Menzies would have been the seventh U.S. prisoner executed by firing squad since 1977. He selected the method when given a choice decades ago.

The Utah Supreme Court said this summer that the progression of his disease raised a significant question about his fitness to be executed at the time.

Menzies abducted Hunsaker from the convenience store on Feb. 23, 1986, while he was on parole. She later called her husband to say she was robbed and kidnapped, and that her abductor intended to release her. Two days later, a hiker found her body at a picnic area about 16 miles away in Big Cottonwood Canyon. She had been strangled and her throat was slashed.

Police say Hunsaker’s thumbprint was found in a car that Menzies was driving, and her purse was recovered in Menzies’ apartment. Menzies also had her wallet and other belongings when he was jailed on unrelated matters.

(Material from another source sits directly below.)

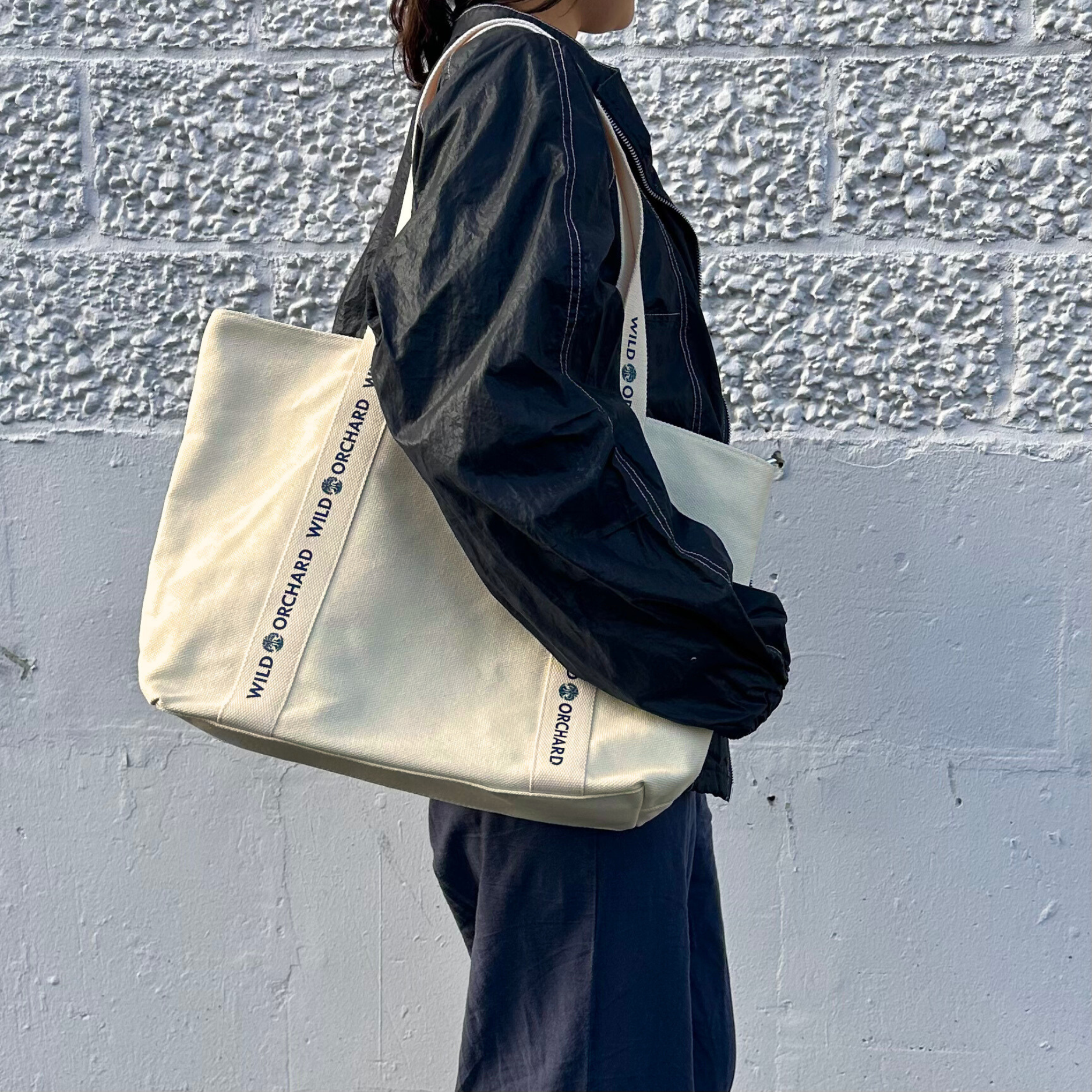 CLASSIC TOTE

“We’re grateful that Ralph passed naturally and maintained his spiritedness and dignity until the end,” his legal team said in a statement.

Utah’s last execution was carried out by lethal injection just over a year ago. The state hasn’t used a firing squad since the 2010 execution of Ronnie Lee Gardner.

Earlier this month, South Carolina executed a man by a firing squad. Stephen Bryant, 44, was convicted in the 2004 killing of Willard “TJ” Tietjen. Investigators said Bryant shot Tietjen, burned his eyes with cigarettes and painted a message on the wall of Tietjen’s home with his blood. Prosecutors said he also shot and killed two other men he was giving rides to as they were relieving themselves on the side of the road during a few weeks that terrorized Sumter County in October 2004.

Bryant was the third man this year to die by South Carolina’s newest execution method. In March, the state carried out the nation’s first execution by firing squad in 15 years. South Carolina had a 13-year pause in executions when it couldn’t obtain lethal injection drugs.